This is an emotional time of year for me. The gloominess of winter, perpetual sickness (thanks to my little walking preschool petri dish), and another round of “Happy Birthday to Keith” have made me a curmudgeon. Aside from my babies, Bob Dylan and classic country music, little lifts my spirits. When I read Brennan McMahon’s post on the State Collaboration on Reforming Education website, however, I almost didn’t recognize what I was feeling. It was happiness!

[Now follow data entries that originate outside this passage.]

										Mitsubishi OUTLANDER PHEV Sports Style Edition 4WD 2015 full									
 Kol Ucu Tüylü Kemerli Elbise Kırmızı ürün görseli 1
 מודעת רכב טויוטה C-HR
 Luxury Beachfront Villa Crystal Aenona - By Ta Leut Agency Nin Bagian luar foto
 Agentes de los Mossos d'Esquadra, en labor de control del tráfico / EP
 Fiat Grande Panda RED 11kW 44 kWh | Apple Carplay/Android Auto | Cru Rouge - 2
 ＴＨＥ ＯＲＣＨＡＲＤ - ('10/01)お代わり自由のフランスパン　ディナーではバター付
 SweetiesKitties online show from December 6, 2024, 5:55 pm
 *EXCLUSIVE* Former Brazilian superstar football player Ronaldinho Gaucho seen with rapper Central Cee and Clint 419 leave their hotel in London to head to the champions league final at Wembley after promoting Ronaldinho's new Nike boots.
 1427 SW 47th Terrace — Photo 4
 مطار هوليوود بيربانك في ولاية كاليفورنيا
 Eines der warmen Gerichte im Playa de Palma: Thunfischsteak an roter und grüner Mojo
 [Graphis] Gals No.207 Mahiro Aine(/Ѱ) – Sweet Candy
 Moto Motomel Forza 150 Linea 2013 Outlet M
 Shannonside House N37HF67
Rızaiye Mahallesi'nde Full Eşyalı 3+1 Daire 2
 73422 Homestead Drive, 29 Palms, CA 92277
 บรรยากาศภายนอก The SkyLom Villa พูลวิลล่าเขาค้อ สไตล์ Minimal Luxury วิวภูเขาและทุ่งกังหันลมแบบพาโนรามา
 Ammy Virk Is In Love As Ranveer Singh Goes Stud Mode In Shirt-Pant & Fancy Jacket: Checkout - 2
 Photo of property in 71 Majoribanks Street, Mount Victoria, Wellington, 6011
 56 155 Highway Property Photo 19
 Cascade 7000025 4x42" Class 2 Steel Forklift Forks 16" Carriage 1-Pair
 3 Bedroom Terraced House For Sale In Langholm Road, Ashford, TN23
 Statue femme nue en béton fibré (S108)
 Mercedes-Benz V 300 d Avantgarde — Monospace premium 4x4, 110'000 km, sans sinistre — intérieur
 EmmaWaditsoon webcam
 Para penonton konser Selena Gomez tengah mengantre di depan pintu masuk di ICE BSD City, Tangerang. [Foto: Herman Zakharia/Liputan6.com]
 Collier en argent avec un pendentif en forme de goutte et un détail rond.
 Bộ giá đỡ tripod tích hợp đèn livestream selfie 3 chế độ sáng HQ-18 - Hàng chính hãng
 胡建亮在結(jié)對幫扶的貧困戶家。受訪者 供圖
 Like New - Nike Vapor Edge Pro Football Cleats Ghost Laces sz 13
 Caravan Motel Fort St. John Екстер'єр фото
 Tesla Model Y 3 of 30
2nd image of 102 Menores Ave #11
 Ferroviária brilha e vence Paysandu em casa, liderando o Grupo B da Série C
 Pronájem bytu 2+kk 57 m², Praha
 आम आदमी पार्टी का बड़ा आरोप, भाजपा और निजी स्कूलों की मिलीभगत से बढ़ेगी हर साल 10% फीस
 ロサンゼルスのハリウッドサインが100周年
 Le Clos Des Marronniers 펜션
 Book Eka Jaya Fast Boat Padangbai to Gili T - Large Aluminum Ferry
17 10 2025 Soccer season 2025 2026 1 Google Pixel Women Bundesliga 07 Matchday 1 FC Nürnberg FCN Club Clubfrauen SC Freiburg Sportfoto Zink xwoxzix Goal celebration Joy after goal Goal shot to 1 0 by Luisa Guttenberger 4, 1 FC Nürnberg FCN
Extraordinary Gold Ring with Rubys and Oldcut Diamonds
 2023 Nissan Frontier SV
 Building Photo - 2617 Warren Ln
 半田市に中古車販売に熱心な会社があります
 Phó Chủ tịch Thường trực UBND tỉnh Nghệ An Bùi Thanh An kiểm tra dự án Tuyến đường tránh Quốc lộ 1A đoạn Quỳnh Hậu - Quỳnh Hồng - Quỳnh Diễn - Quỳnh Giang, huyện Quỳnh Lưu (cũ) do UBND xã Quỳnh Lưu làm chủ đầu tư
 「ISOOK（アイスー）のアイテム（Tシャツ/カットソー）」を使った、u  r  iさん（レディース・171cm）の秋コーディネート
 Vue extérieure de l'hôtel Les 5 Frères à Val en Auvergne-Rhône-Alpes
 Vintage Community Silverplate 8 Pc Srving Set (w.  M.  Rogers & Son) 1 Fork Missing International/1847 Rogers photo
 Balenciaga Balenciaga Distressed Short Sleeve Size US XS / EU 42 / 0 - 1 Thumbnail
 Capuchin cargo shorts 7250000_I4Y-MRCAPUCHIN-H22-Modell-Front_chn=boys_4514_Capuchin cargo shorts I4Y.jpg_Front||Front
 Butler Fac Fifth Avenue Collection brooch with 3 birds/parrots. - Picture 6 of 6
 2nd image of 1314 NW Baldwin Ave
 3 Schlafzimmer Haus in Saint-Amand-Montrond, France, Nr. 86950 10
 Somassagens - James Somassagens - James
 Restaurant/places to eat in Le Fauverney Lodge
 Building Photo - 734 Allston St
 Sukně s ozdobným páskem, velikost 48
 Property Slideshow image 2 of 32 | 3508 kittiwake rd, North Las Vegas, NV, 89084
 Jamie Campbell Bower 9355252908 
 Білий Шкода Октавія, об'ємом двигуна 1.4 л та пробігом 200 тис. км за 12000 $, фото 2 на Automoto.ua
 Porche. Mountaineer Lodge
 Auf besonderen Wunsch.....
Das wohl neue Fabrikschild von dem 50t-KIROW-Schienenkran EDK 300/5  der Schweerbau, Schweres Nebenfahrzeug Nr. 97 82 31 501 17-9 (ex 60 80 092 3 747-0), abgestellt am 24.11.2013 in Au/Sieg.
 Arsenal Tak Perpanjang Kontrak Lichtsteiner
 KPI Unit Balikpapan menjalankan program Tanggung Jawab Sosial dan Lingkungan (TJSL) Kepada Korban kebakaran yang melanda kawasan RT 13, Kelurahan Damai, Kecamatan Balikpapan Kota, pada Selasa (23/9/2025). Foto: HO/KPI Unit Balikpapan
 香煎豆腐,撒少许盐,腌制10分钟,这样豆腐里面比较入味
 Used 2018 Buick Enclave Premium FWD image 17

The post, titled "Communicating the Data Message: Teacher Effectiveness," offers a great primer on the basics of how policymakers may more adeptly discuss teacher effectiveness data. One line in the piece encapsulated something I shout from my soapbox every chance I get: “Effective communication helps prevent mistrust and confusion, allows leaders to be proactive and own the conversation, and provides stakeholders with a common language with which to discuss sometimes tricky issues.”
See you latte(r)
Before moving forward, let me be clear: You would be hard-pressed to find a person who enjoys a nice, clean spreadsheet more than I do. I’ve never met a piece of statistical analysis software I didn’t like, and given the choice between having coffee with three or four of my closest friends and running a database query, the database query will win almost every time. But as much as I love digging into data, I always begin with a series of questions about communication. Who is the audience for this analysis? How will these results be communicated to students? Teachers? Parents? Administrators? Legislators? My list goes on and on. No matter how much I love the actual data, I know that without the conversation, it is almost worthless. On day one of data-geek school, you learn that instruments and data from instruments (i.e., assessments, tests, quizzes, etc.) need to provide consistent results over time (reliability), measure what they are supposed to measure and/or provide an acceptably accurate reflection of what it is you want to measure (validity). Let’s say I have an education test that completely fulfills these criteria. Without some kind of feedback loop, what’s the point?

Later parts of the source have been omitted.